Material for the task
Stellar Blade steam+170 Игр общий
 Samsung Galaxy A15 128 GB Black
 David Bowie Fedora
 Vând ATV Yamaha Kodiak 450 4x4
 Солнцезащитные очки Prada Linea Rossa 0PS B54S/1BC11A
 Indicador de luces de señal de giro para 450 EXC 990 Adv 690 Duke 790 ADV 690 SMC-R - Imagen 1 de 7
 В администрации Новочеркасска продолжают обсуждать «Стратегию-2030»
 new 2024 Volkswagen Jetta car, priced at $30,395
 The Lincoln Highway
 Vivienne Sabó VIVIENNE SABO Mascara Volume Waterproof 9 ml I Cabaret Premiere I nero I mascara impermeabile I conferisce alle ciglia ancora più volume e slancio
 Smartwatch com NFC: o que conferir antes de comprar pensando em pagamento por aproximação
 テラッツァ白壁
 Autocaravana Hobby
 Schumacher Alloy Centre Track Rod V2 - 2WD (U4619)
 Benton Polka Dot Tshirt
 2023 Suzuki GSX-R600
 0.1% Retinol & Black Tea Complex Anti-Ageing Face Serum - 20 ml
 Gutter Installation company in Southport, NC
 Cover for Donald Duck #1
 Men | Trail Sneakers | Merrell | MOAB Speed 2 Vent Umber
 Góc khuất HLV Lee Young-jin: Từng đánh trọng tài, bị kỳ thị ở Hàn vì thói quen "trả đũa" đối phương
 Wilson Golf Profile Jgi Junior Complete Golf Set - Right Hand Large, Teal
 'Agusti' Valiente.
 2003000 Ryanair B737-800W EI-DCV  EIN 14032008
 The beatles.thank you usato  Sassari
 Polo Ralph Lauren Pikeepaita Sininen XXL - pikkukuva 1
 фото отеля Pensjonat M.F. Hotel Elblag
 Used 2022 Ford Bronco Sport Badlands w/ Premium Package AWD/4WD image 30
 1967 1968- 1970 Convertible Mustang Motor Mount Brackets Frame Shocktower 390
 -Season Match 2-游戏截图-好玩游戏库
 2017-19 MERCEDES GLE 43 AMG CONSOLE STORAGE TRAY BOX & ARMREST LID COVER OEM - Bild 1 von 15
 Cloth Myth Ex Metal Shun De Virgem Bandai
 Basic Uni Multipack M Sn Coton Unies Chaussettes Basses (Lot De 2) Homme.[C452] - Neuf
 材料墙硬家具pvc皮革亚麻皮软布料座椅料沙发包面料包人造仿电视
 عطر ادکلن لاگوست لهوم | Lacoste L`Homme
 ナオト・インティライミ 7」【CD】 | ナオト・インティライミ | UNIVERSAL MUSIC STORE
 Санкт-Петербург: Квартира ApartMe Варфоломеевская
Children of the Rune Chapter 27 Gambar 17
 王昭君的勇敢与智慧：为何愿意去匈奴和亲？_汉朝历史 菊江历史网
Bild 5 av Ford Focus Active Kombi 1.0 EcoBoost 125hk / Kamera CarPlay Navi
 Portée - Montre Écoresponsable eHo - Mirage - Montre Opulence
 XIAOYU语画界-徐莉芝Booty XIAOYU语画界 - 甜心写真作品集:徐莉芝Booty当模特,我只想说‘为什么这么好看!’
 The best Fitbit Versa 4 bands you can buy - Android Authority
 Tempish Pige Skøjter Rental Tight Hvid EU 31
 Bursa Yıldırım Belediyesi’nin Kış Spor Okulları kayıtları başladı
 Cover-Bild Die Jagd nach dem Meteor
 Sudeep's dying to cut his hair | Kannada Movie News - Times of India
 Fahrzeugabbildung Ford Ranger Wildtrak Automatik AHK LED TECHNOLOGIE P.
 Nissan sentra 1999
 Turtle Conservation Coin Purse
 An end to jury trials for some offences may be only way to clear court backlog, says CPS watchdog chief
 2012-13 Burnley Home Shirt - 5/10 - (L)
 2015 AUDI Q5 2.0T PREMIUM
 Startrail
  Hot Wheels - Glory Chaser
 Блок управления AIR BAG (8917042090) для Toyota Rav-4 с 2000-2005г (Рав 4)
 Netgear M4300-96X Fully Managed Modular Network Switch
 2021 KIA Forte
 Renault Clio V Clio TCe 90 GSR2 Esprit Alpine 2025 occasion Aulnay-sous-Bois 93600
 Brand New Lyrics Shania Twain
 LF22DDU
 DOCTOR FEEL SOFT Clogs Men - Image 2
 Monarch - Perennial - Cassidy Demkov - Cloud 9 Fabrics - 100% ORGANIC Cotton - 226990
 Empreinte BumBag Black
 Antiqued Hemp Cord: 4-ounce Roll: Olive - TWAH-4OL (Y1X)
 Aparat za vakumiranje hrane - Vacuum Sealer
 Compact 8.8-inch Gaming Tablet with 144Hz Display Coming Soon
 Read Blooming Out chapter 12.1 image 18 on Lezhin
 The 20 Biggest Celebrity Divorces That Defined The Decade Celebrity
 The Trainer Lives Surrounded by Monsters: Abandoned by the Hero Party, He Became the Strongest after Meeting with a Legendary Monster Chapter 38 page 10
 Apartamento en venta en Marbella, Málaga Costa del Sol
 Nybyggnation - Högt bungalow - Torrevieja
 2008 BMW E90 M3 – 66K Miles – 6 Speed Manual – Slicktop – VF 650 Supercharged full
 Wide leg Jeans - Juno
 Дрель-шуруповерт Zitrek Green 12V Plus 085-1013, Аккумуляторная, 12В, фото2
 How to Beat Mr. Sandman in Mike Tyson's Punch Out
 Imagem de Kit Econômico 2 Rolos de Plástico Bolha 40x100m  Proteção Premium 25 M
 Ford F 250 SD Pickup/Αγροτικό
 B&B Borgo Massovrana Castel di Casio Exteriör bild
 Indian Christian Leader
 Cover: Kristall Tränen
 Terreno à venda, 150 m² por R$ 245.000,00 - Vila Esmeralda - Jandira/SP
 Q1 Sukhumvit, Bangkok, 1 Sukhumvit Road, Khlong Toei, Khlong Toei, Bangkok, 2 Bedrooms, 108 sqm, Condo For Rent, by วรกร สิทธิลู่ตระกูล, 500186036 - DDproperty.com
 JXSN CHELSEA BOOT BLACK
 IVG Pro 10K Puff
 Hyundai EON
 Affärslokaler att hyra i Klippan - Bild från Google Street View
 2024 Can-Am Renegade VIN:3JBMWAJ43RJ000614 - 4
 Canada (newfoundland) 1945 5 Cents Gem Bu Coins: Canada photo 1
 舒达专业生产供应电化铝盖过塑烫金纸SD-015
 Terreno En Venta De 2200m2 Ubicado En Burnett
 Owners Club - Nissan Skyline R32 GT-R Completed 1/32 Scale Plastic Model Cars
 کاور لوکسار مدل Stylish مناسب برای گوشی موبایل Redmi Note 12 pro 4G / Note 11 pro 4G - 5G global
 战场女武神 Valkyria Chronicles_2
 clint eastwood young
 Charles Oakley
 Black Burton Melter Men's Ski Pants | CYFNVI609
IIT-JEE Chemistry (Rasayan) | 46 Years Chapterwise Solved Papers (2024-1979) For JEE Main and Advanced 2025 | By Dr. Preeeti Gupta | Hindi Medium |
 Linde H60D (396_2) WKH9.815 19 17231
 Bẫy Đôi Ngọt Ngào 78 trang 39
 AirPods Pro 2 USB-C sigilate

Assigned task
The entries above hold a line with "Benton Polka Dot Tshirt" and a later line with "Góc khuất HLV". Write out exactly those lines and all lines between, nothing more.

Response area
 Benton Polka Dot Tshirt
 2023 Suzuki GSX-R600
 0.1% Retinol & Black Tea Complex Anti-Ageing Face Serum - 20 ml
 Gutter Installation company in Southport, NC
 Cover for Donald Duck #1
 Men | Trail Sneakers | Merrell | MOAB Speed 2 Vent Umber
 Góc khuất HLV Lee Young-jin: Từng đánh trọng tài, bị kỳ thị ở Hàn vì thói quen "trả đũa" đối phương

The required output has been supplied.